Volume 12, Number 2—February 2006
Sequencing and Staphylococci Identification
Highlight and copy the desired format.
|EID||Mellmann A, Becker K, von Eiff C, Keckevoet U, Schumann P, Harmsen D, et al. Sequencing and Staphylococci Identification. Emerg Infect Dis. 2006;12(2):333-336. https://dx.doi.org/10.3201/eid1202.050962|
|AMA||Mellmann A, Becker K, von Eiff C, et al. Sequencing and Staphylococci Identification. Emerging Infectious Diseases. 2006;12(2):333-336. doi:10.3201/eid1202.050962.|
|APA||Mellmann, A., Becker, K., von Eiff, C., Keckevoet, U., Schumann, P., & Harmsen, D. (2006). Sequencing and Staphylococci Identification. Emerging Infectious Diseases, 12(2), 333-336. https://dx.doi.org/10.3201/eid1202.050962.|
The emerging clinical importance of staphylococcal infections prompted us to establish a reference database for partial RNA polymerase B (rpoB; nucleotides 1444–1928) gene sequences from type strains of all staphylococcal species and subspecies. This database correctly identified 55 clinical staphylococcal isolates; all were correctly identified at the species level. At the subspecies level, rpoB misidentified only 2 isolates.
The emerging clinical importance of Staphylococcus aureus and coagulase-negative staphylococci (1) in connection with the expanding number of staphylococcal subspecies described requires accurate identification to the subspecies level. Currently, the genus Staphylococcus is divided into 36 species and 21 subspecies. Staphylococcal subspecies not included in the databases of commercial identification systems, as well as phenotypic variants (e.g., small-colony variants), are often misidentified (2).

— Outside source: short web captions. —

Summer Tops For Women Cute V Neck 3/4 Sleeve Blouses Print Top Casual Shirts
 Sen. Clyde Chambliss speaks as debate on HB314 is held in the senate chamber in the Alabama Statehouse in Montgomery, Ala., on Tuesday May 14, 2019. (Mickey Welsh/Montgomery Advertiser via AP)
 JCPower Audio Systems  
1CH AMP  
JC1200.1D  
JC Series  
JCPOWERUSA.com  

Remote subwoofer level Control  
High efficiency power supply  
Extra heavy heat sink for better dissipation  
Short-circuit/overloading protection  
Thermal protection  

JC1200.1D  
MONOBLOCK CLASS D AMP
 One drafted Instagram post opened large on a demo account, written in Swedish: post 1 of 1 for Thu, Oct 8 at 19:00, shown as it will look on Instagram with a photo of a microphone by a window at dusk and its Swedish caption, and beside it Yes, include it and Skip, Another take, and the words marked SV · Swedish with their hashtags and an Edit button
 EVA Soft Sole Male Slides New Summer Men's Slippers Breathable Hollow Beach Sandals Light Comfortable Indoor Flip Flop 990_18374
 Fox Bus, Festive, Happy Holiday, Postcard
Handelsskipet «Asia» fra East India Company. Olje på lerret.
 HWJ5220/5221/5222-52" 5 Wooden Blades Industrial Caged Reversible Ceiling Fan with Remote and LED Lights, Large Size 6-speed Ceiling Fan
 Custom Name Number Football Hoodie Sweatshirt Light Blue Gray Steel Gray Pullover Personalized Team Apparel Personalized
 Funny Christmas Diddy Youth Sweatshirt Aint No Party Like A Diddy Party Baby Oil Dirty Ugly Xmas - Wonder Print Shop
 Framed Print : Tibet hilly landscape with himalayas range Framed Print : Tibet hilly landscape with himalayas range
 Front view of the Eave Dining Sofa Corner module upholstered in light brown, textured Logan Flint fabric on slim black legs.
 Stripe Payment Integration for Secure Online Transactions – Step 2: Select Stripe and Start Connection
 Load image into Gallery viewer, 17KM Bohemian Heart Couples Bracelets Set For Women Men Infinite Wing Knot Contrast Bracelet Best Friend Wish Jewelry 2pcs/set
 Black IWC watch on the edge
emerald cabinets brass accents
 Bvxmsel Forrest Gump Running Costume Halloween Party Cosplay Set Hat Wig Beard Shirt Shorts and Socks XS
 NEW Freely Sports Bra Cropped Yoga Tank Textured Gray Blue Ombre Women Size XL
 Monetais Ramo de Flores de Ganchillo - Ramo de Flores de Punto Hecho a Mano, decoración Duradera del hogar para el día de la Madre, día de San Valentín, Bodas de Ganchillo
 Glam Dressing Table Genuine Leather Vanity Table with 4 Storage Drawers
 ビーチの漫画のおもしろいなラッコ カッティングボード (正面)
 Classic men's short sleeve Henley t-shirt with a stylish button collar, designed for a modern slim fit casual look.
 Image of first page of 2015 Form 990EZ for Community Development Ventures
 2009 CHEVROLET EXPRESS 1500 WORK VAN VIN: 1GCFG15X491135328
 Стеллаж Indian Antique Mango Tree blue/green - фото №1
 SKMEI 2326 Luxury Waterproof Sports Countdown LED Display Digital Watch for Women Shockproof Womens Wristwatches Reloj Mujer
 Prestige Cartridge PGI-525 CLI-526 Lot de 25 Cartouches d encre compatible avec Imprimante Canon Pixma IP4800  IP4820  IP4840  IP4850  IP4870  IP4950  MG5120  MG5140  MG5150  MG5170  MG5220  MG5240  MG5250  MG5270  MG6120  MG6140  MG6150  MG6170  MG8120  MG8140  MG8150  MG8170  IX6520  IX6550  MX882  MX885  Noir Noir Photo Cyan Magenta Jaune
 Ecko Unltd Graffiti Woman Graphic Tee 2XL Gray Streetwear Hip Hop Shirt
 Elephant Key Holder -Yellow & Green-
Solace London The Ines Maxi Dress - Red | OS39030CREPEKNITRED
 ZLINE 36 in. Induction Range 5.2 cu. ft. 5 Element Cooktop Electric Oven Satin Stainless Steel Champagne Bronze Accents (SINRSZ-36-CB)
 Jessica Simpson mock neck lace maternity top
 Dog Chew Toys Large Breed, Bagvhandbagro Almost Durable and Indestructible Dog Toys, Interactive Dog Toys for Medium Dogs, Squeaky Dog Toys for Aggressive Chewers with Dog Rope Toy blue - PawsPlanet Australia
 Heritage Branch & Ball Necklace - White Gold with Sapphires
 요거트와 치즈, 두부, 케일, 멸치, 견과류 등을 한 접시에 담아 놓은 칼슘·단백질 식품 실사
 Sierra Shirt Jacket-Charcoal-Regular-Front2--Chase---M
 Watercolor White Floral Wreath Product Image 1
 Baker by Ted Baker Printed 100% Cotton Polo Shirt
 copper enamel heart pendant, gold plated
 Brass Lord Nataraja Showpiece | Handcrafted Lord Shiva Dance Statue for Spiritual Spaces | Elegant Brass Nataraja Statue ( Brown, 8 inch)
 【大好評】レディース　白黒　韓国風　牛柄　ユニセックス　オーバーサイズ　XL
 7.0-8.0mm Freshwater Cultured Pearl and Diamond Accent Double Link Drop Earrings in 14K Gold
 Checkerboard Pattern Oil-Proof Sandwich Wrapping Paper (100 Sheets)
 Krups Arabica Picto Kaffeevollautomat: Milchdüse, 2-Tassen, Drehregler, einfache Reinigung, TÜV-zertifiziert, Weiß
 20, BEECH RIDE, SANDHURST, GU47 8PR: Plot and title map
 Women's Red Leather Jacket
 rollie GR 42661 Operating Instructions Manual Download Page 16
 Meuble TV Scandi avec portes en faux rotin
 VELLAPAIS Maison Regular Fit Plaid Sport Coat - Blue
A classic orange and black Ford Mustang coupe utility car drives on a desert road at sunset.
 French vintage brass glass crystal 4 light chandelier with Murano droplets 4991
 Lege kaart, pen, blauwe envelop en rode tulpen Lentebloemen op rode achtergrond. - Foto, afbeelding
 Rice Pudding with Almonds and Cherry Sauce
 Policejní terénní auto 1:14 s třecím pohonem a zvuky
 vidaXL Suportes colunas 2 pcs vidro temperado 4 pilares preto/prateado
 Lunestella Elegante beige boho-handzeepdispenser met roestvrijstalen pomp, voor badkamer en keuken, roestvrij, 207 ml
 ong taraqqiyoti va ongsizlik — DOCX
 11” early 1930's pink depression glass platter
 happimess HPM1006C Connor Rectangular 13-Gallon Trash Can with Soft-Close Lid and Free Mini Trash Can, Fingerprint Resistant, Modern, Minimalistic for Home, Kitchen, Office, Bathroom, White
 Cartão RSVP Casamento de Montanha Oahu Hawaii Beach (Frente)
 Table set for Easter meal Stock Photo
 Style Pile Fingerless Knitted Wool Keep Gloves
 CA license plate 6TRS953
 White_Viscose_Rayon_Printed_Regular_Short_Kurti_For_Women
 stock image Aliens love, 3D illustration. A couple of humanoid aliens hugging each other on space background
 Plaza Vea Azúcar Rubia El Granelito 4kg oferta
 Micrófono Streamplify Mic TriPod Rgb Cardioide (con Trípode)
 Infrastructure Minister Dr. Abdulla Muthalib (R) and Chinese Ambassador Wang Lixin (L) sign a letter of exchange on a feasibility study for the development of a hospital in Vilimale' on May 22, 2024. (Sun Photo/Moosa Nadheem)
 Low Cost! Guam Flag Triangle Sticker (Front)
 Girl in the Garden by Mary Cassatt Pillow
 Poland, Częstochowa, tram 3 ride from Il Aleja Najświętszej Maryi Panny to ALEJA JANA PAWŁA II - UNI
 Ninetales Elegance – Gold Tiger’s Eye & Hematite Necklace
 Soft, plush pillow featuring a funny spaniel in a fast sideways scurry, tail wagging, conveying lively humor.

We recently described the usefulness of genotypic identification of staphylococcal subspecies by using partial 16S rDNA sequences in comparison with phenotypic tests (3). However, the partial 16S rDNA sequences used were not discriminative enough to differentiate all staphylococcal subspecies. When searching for a molecular target for discrimination of staphylococci, several genes have been evaluated, e.g., heat shock protein 60 (hsp60) (4), superoxide dismutase A (sodA) (5), and RNA polymerase B (rpoB) (6). However, these studies concentrated only on a limited number of staphylococcal species. Therefore, a complete reference database of partial rpoB gene sequences from type strains (n = 47) and other culture collection strains, including all validly described staphylococcal subspecies, was created for this study. This reference database was then evaluated with clinical isolates. Results were compared with those previously obtained by 16S rDNA sequencing and conventional phenotypic tests.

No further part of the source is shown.